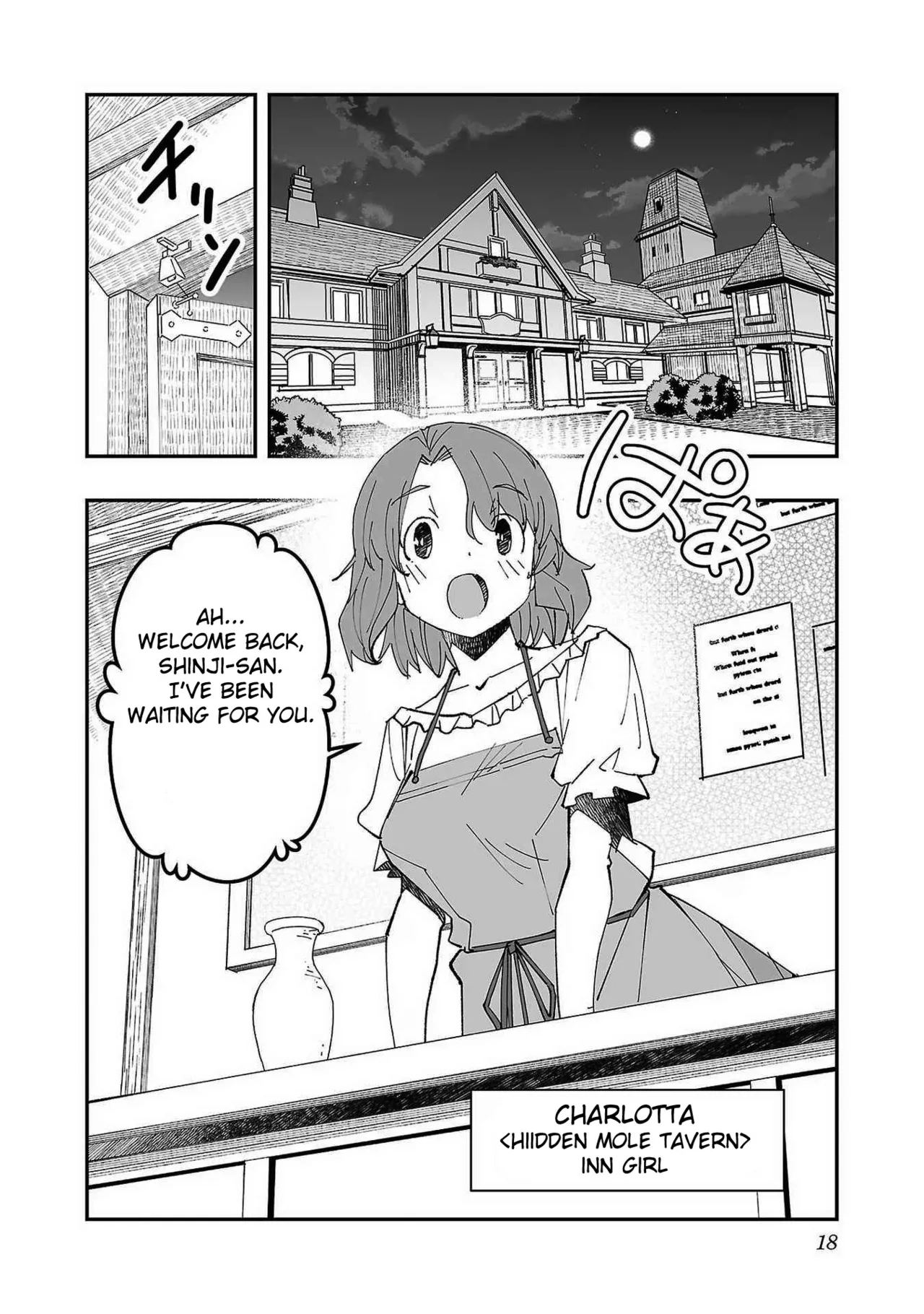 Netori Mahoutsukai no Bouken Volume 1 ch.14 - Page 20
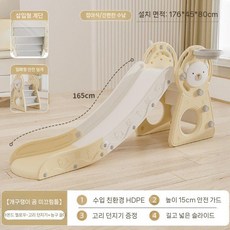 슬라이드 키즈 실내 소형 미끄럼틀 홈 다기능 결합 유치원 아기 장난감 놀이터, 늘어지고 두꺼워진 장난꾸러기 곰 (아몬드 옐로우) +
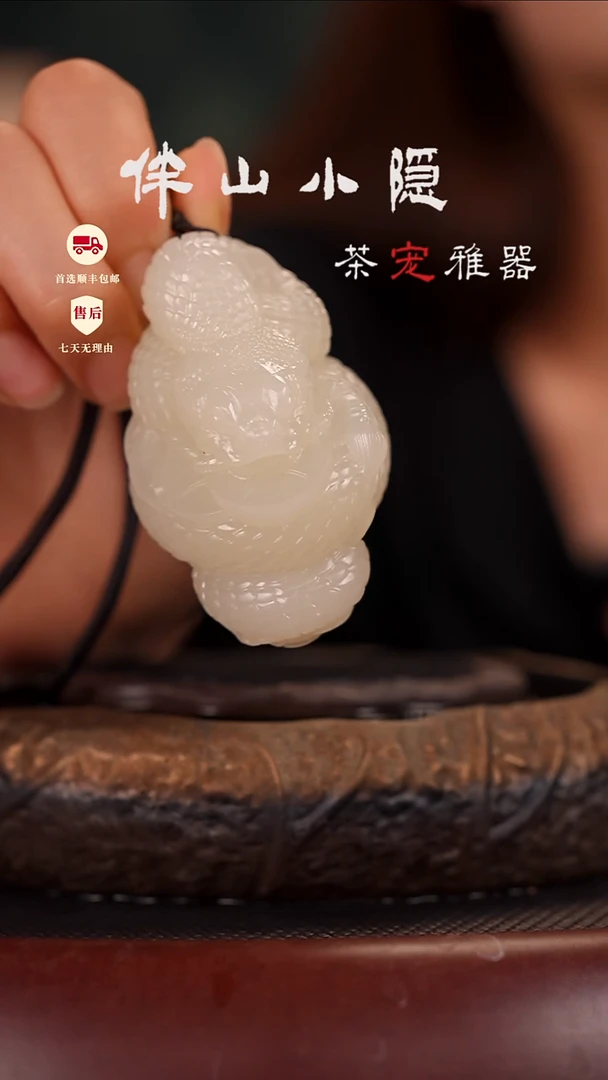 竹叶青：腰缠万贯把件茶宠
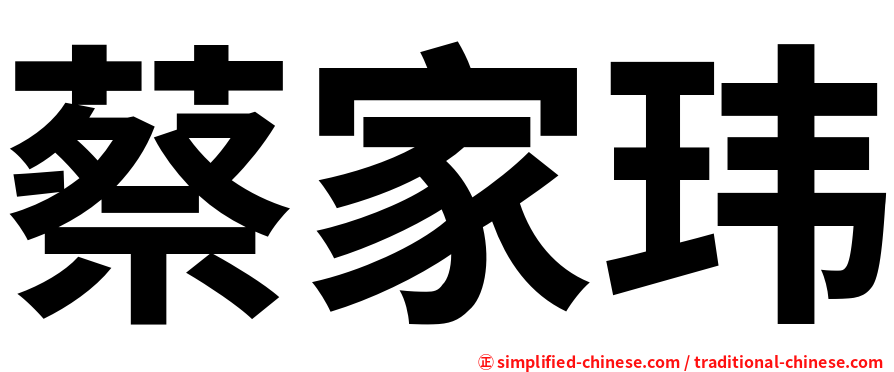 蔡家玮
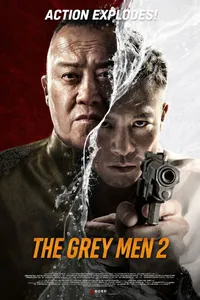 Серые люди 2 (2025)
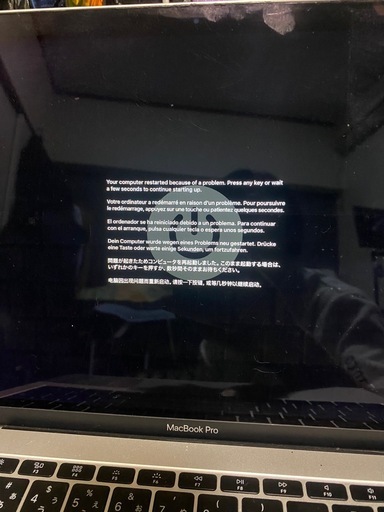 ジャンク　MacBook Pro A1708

────────────────

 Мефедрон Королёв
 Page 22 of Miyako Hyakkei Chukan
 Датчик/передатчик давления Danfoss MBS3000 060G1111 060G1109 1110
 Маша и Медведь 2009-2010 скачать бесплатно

────────────────

» **EXERCISE REQUIREMENTS**
Give back, exactly and without pictures, the stretch of the records above from the line containing "슬라이드 키즈 실내 소형" through the line containing "ジャンク　MacBook Pro A1708", with both end lines included.

» **WORKED SOLUTION**
 슬라이드 키즈 실내 소형 미끄럼틀 홈 다기능 결합 유치원 아기 장난감 놀이터, 늘어지고 두꺼워진 장난꾸러기 곰 (아몬드 옐로우) +
 竹叶青：腰缠万贯把件茶宠
 蔡家玮
 Серые люди 2 (2025)
 ジャンク　MacBook Pro A1708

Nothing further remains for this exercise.